Segment Open
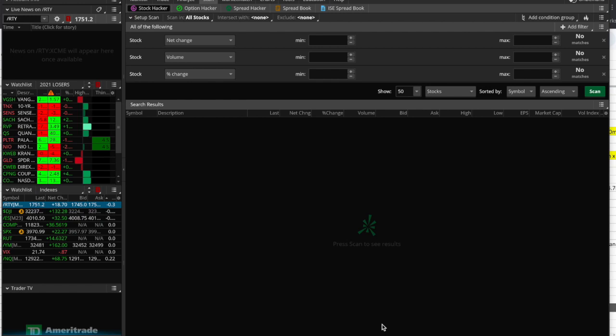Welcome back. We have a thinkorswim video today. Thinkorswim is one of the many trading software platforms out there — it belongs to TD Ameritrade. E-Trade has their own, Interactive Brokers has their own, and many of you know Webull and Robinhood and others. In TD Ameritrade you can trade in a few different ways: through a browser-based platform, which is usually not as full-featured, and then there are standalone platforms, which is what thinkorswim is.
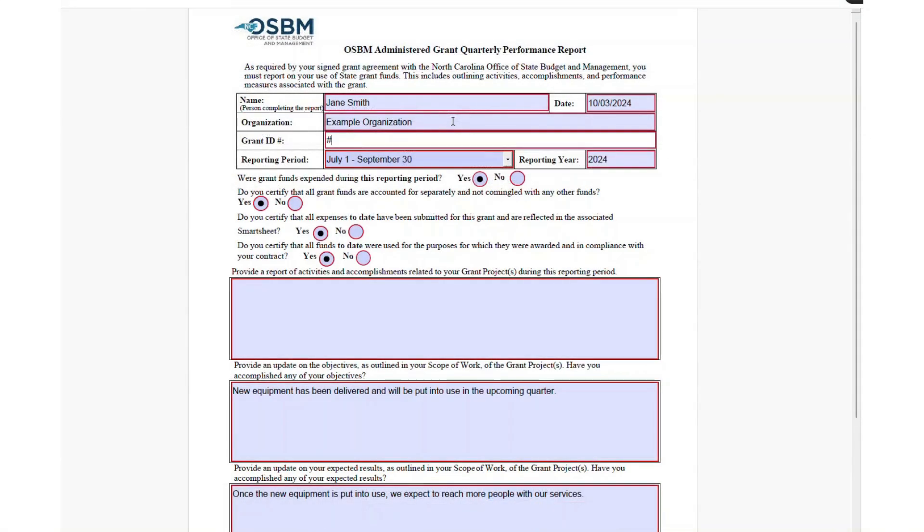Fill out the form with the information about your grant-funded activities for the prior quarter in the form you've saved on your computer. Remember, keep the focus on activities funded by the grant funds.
Segment Closed
Segment Open
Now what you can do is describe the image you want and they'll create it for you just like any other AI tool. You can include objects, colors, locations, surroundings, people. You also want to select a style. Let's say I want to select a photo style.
Segment Closed
ABOUT THIS EXERCISE: Above are some records; quote exactly and only the lines that begin at the line containing "Welcome back. We" and stop after the line containing "Fill out the", leaving out the pictures.

PROBLEM SOLUTION:
Welcome back. We have a thinkorswim video today. Thinkorswim is one of the many trading software platforms out there — it belongs to TD Ameritrade. E-Trade has their own, Interactive Brokers has their own, and many of you know Webull and Robinhood and others. In TD Ameritrade you can trade in a few different ways: through a browser-based platform, which is usually not as full-featured, and then there are standalone platforms, which is what thinkorswim is.
Fill out the form with the information about your grant-funded activities for the prior quarter in the form you've saved on your computer. Remember, keep the focus on activities funded by the grant funds.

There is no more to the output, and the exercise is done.